The CDR will expand to include non-bank lending data early in 2024, with the aim of being operational by the middle of 2026 (providing a transition period). Treasury is finalising industry consultation.
At last year's CEDA address, the Assistant Treasurer announced that no further expansion would happen until after a strategic review to be conducted at the end of 2024. This paused the previously anticipated rollouts to telecommunications and insurance sectors (CDR had already rolled out to the banking sector in 2020, and the energy sector in 2022).
In October 2023, Treasury consulted on draft rules covering non-bank lending (NBL), including "buy now, pay later" (BNPL) products. You can read more about the rules in our earlier publication.
Over the next 12 months, Treasury will also advise the Assistant Treasurer on a way forward for a full and formal ban of screen scraping. The Assistant Treasurer’s announcement is clear about the intention, mentioning that “it is fundamentally unsafe”.
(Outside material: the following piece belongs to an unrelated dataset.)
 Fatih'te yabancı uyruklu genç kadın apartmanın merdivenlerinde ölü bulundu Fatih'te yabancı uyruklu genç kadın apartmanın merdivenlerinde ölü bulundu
This follows a consultation in October 2023 on policy and regulatory implications of screen scraping, which sought views on the recommendation of the 2022 Statutory Review of the CDR to ban screen scraping where the CDR is a viable alternative.
Screen scraping (also referred to as data aggregation) is a commonly used alternative to CDR data sharing. The practice involves prompting a consumer to log into their account via a third-party service, with the service extracting the data displayed "on screen", and sharing that with another provider or service. Critics highlight that it involves unsafe data practices that increase fraud and cyber security risks.
A bill to bring action initiation to the CDR was passed unamended on Thursday 15 August 2024, with bipartisan support. You can read more about action initiation in our earlier publication.
Action initiation (also known as "write access") allows accredited third parties to take actions on the consumer's behalf – such as opening accounts, authorising payments or switching. One example is account switching in the energy sector, which the Government has highlighted as a priority.
However, the bill sets out the framework for action initiation – not the specific actions that will be introduced. Treasury will consult on which actions are introduced when, and for what sectors.
Given the significant complexity of introducing new actions, we can expect that the Government will focus on simplifying existing obligations, bringing down existing compliance costs, and targeting high value use cases within the existing framework before expanding action initiation.
The Assistant Treasurer has already set the reset into action with a letter to the Data Standards Chair, identifying as high priority use cases:
In a nod to cost of living pressures, uses that help consumers manage their budgets should also continue to be supported. The Government also supports continued use of experiments, primarily focused on these high value-use cases – drawing attention to existing work on energy switching and real estate applications, which test future directions for both action initiation and integration with Digital ID.
The current CDR framework is "read only" – allowing the sharing of data, but not the taking of actions. Taking actions like switching accounts will require new "write-access" action initiation functionality. While legislation to support action initiation has now been passed, delivering these use cases will take more work – including consulting on which actions should apply for what sectors, designing supporting rules, developing standards, and driving technical implementation, operationalisation, and adoption.
The Data Standards Body is already conducting experiments, establishing a GitHub repository of experimental standards to test concepts and facilitate consultation – which include action initiation and Digital ID use cases.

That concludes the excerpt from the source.